Die Aufteilung der Arbeitszeit im Homeoffice ist derzeit "reine Vereinbarungssache", erklärt Kraft. Der Arbeitgeber kann eine fixe Arbeitszeit verlangen, wie auch beim Homeoffice selbst, kann er sie aber in der Regel nicht einseitig anordnen. Der Arbeitgeber muss also zustimmen. "Es ist längst überfällig, dass man hier einheitliche gesetzliche Vorgaben schafft", meint der Experte. Denn derzeit komme von fixer bis zur Vertrauensarbeitszeit die gesamte Palette zur Anwendung. Was allerdings auch im Homeoffice notwendig ist, ist die Aufzeichnung der Arbeitszeit. Da reicht allerdings nur das Vermerken der Arbeitsstunden - ohne Pausen, Beginn- und Schlusszeiten. Allerdings darf der Arbeitgeber eine genauere Aufzeichnung verlangen.

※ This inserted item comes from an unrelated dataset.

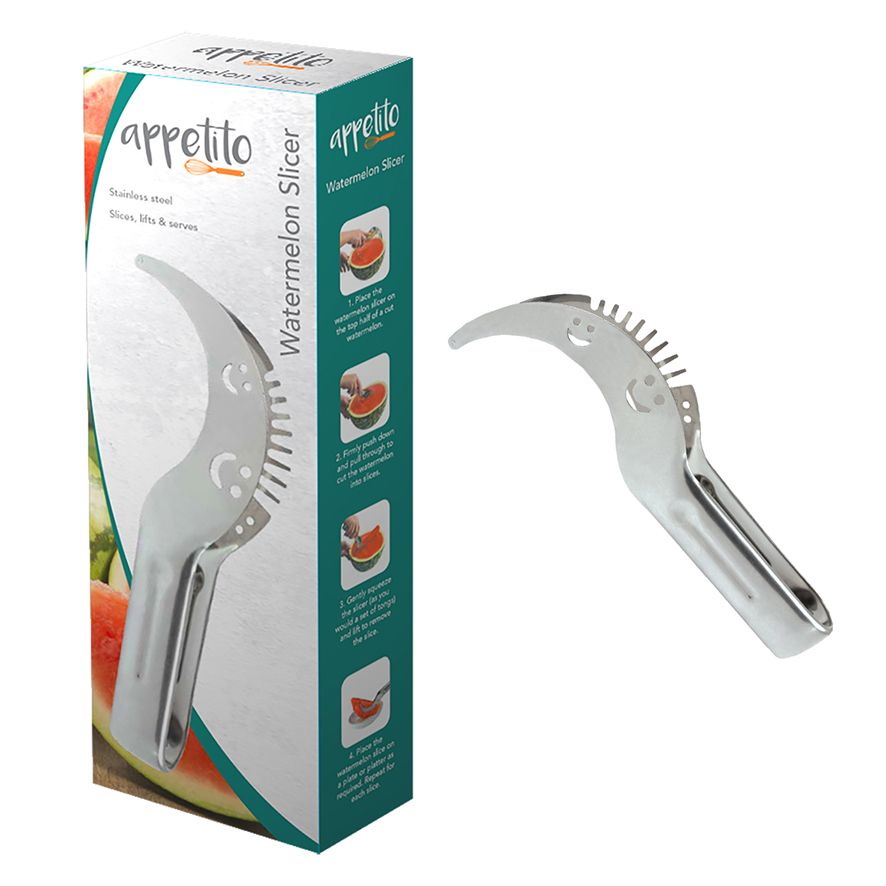 Appetito Watermelon Slicer-1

  • Wer haftet für Schäden bei Unfällen?

Eltern haften für ihre Kinder und Haustiere. Oder: Wenn das Kind seinen Kakao über den Dienstlaptop gießt und er kaputtgeht, muss ihn der Arbeitnehmer ersetzen. Unter Umständen greift auch die Haushaltsversicherung. Hier unterscheidet das Gesetz allerdings nach dem Grad der Verschuldung, also ob man grob oder nur leicht fahrlässig gehandelt hat und wie das Arbeitsmaterial aufbewahrt wird.

"Extrem haarig", wie der Arbeitsrechtler Kraft meint, wird es bei Unfällen mit Personenschaden im Homeoffice. "Unfälle, die mit der Diensttätigkeit zu tun haben, sind eher Arbeitsunfälle. Kommt ein privates Element hinzu, ist es eher ein Haushaltsunfall." Es gebe aber hier wenig Rechtssicherheit und vieles hänge von der Darstellung der Person ab, ob etwas als Arbeits- oder als Freizeitunfall eingestuft wird. In der Versicherungsleistung macht das aber einen großen Unterschied. Denn bei Arbeitsunfällen greift die Allgemeine Unfallversicherung (AUVA). Diese wiederum bietet bessere Dienstleistungen und je nach Fall auch eine längere Entgeltfortzahlung im Krankenstand oder bei dauerhaften Schäden eine lebenslange Rente.